┌─ Extracted data
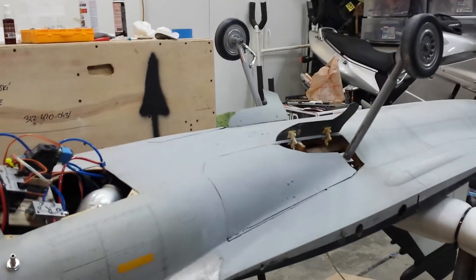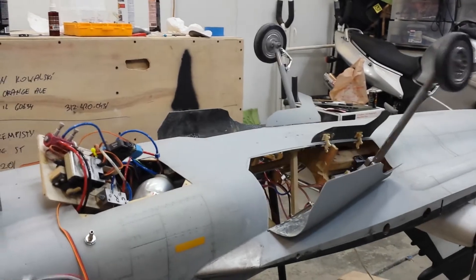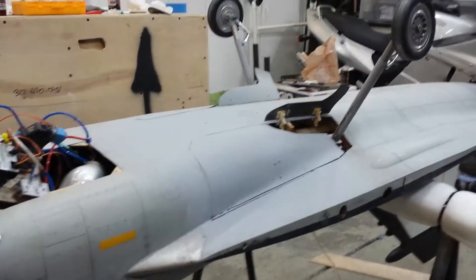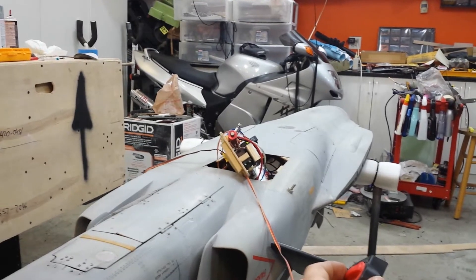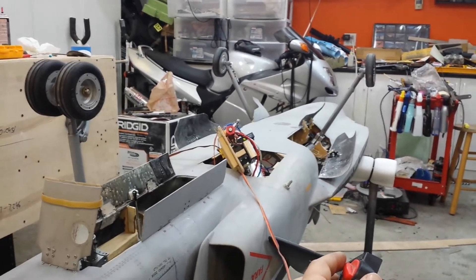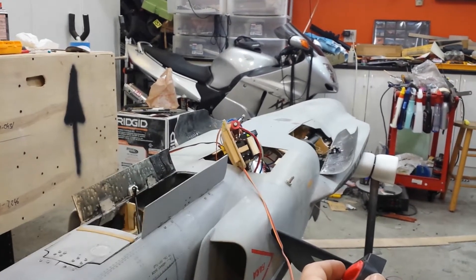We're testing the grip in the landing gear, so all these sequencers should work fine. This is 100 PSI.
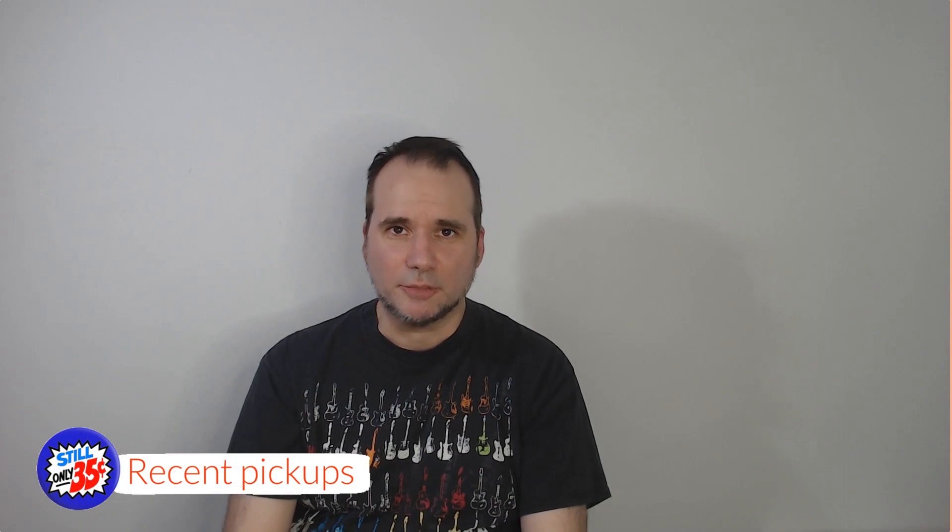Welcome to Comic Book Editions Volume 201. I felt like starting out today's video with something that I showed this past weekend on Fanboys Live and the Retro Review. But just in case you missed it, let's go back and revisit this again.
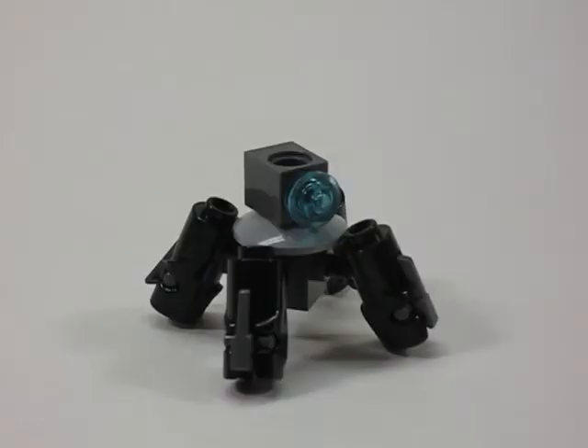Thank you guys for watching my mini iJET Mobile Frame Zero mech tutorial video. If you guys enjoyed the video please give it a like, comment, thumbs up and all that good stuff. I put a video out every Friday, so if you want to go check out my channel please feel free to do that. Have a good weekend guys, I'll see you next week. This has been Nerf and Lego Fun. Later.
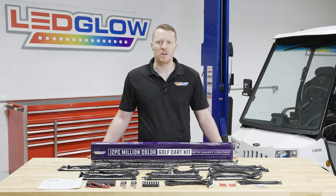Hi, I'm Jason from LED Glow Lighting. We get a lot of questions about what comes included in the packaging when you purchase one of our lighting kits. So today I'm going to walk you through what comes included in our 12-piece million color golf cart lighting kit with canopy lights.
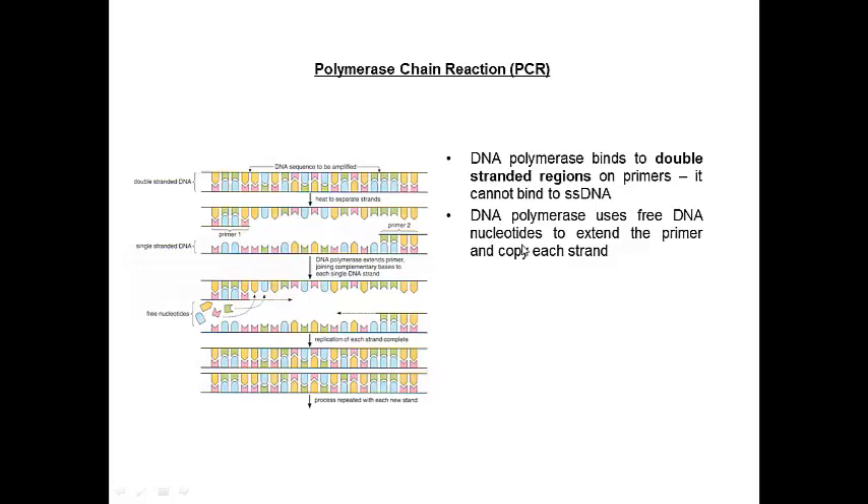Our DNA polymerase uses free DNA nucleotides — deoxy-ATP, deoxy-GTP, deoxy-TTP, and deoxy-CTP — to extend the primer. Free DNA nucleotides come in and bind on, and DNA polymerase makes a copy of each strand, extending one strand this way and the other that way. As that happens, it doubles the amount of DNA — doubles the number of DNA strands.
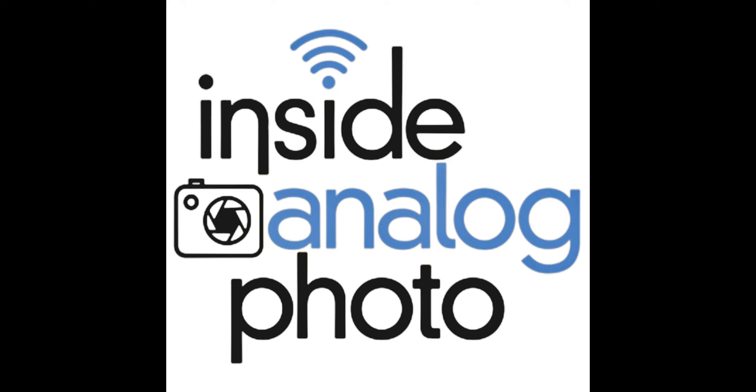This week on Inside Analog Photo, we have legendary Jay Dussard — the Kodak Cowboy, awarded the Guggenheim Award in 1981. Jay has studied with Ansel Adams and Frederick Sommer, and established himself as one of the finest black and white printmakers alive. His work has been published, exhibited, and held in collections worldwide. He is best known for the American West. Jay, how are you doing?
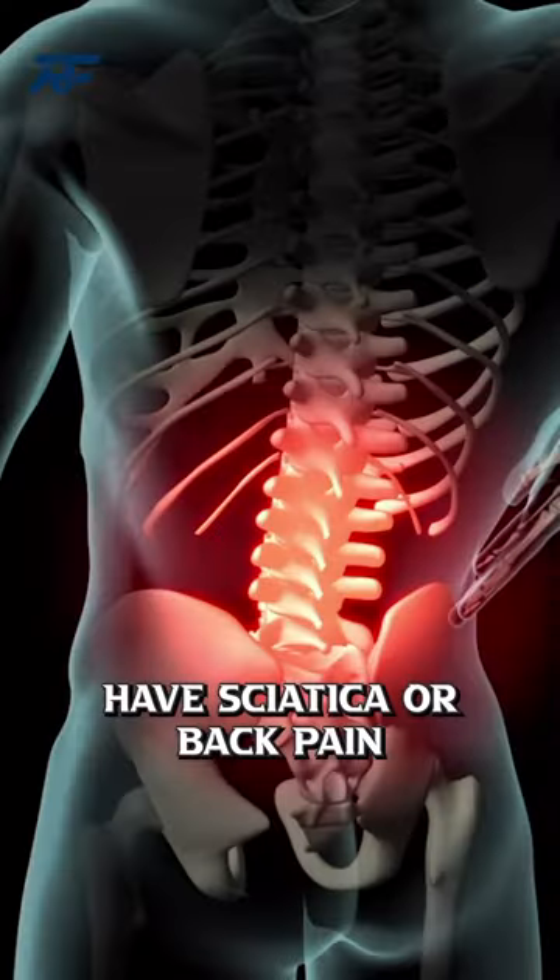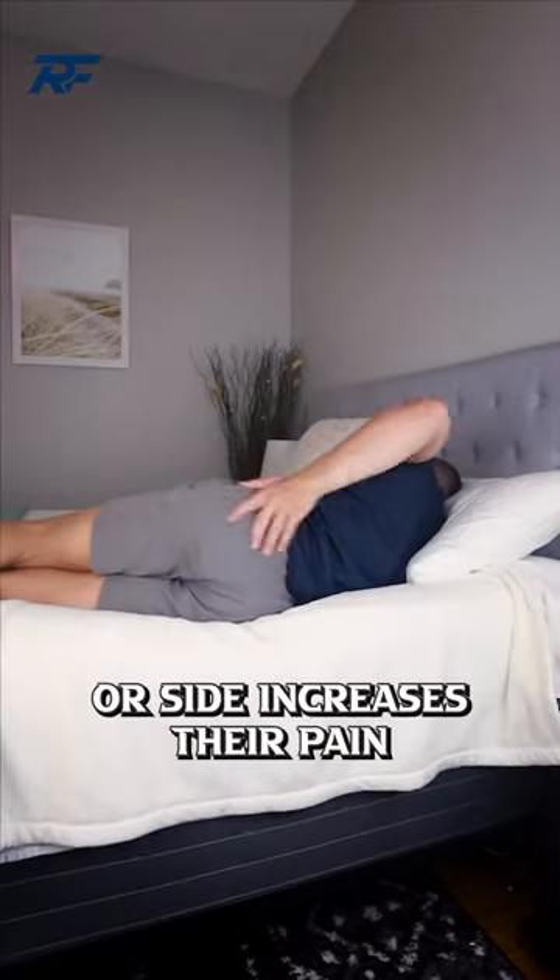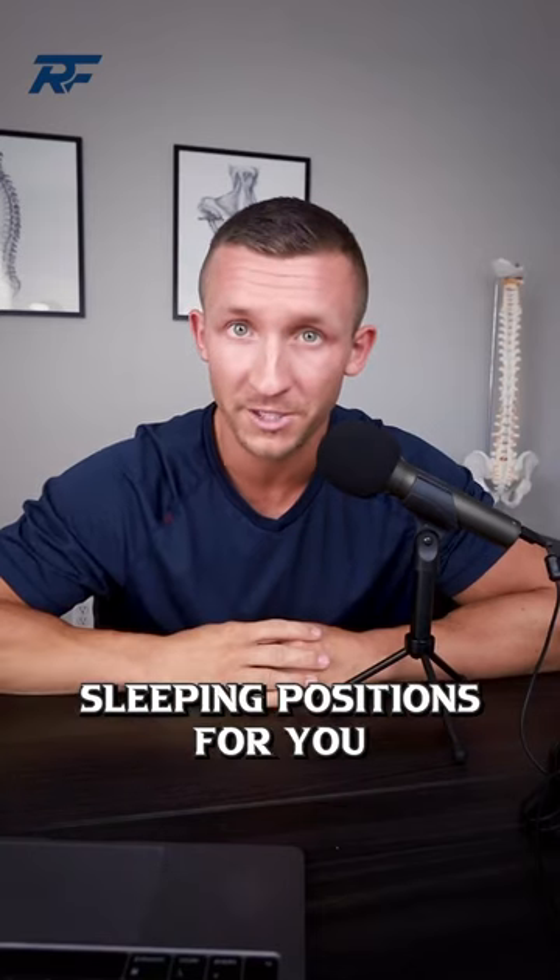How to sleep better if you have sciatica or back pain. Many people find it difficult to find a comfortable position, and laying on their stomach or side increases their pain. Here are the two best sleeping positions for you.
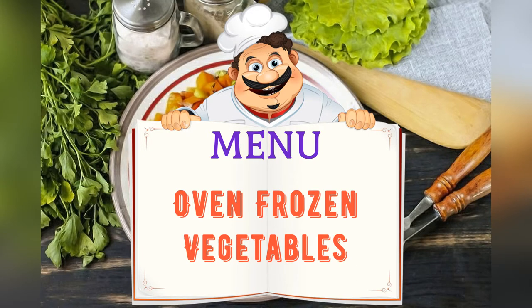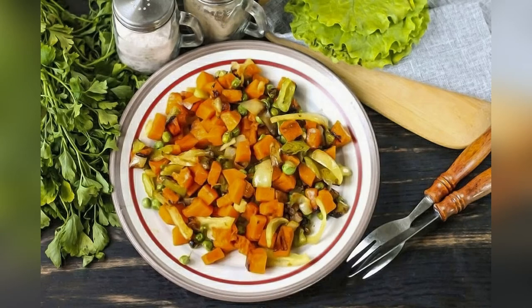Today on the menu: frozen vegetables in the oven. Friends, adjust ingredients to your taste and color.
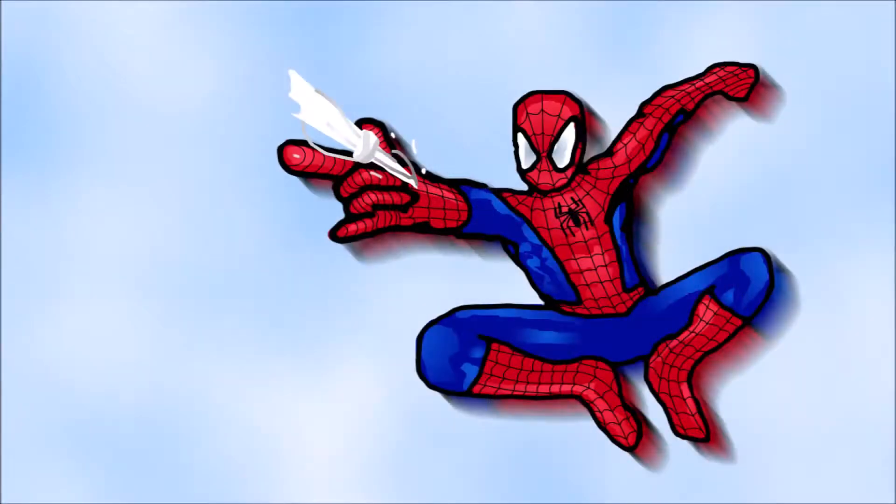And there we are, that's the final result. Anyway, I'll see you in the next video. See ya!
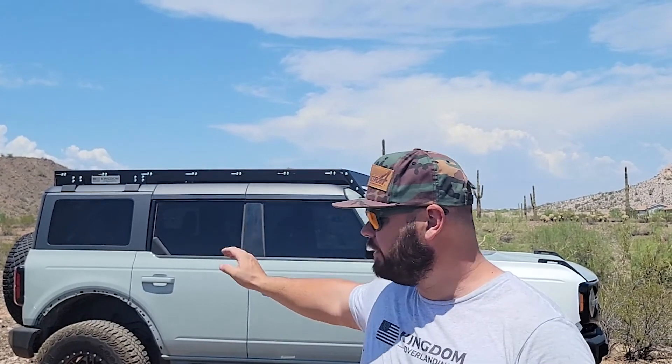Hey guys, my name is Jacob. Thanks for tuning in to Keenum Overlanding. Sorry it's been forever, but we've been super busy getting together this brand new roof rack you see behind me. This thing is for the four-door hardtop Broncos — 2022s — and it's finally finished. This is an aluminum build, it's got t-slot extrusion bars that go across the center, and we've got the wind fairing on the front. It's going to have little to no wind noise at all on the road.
└─
In the records above, find the line with "This week on". Print exactly from there through the line with "And there we", minus the pictures.

The answer:
This week on Inside Analog Photo, we have legendary Jay Dussard — the Kodak Cowboy, awarded the Guggenheim Award in 1981. Jay has studied with Ansel Adams and Frederick Sommer, and established himself as one of the finest black and white printmakers alive. His work has been published, exhibited, and held in collections worldwide. He is best known for the American West. Jay, how are you doing?
How to sleep better if you have sciatica or back pain. Many people find it difficult to find a comfortable position, and laying on their stomach or side increases their pain. Here are the two best sleeping positions for you.
Today on the menu: frozen vegetables in the oven. Friends, adjust ingredients to your taste and color.
And there we are, that's the final result. Anyway, I'll see you in the next video. See ya!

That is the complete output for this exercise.